It was that kind of night.
The rhythmic flow of the North Carolina women’s basketball team, often played to the coursing beat of get-up-and-go passing and full-court dashes, devolved into a jumbled mess.
The passes, once seamless, on-target, ended up in the wrong hands — 29 times, to be exact.
So, too, did the final score, a 78-73 win for Syracuse , as UNC hosted all too hospitably and handled the ball all too charitably Thursday night.
“As a team, you can’t play good basketball turning the ball over, especially not us,” said freshman guard Diamond DeShields. “We run, and we get up and down the floor.
“When we turn the ball over, we’re stopping the game, allowing them to get set up.”
UNC (17-4, 5-2 ACC ) owed its second-half carnage to 18 turnovers dispersed among the team, even the associate head coach. Andrew Calder credited one giveaway to himself, the result of distracting a player while berating an official.

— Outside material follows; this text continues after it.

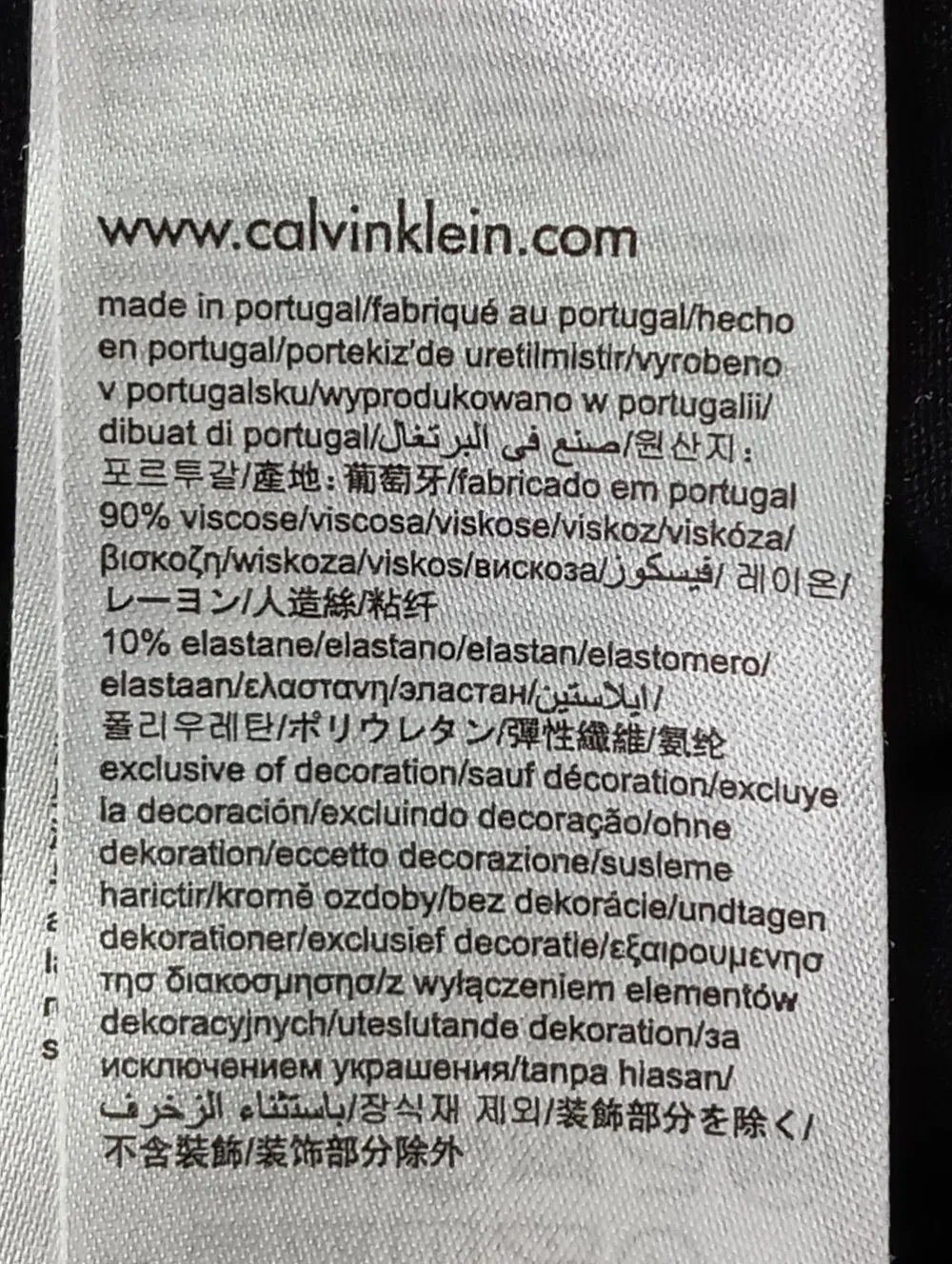 Hosen>Calvin Klein Langer Jumpsuit Größe 36 schwarz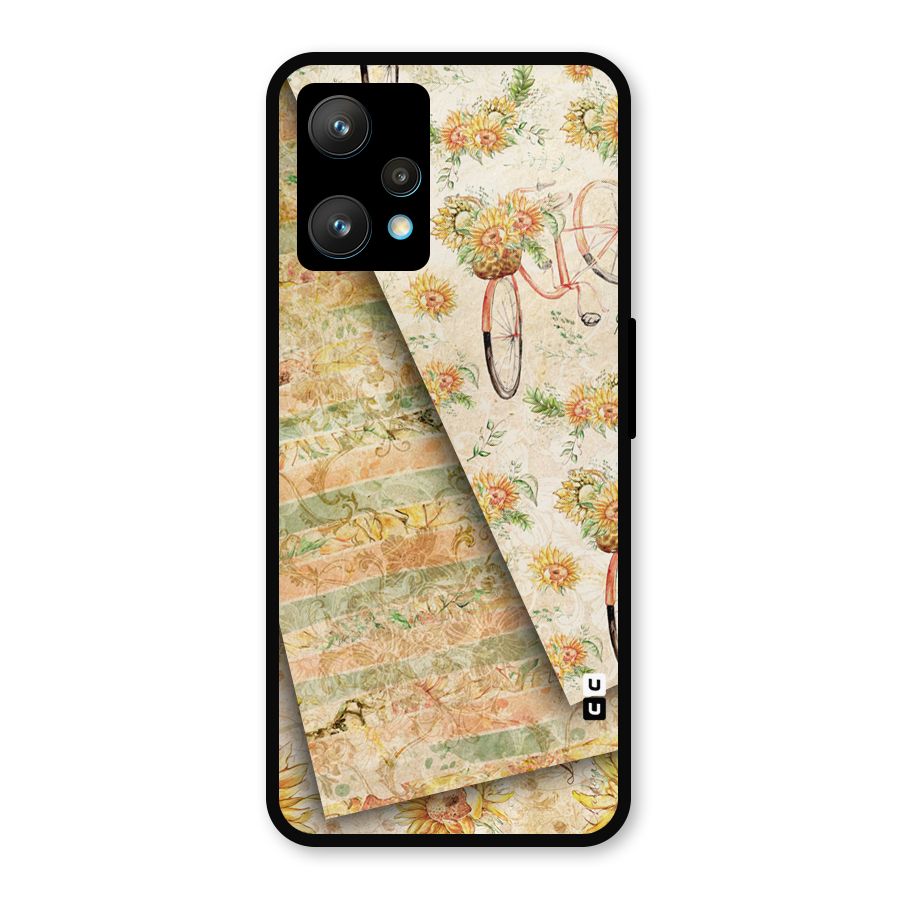 Floral Bicycle Metal Back Case for Realme 9 Pro Plus 5G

“Twenty-eight turnovers,” Calder said, omitting one for his own misstep. “I never thought this team would have 28 turnovers.”
UNC, led by a cavalcade of gifted freshmen guards, squandered a 14-point lead at halftime due , in part, to some unforced panic, Calder said. But Syracuse (16-5, 5-3 ACC ), known for a suffocating defense, turned slipshod marking in the first half into a second-half vice-grip.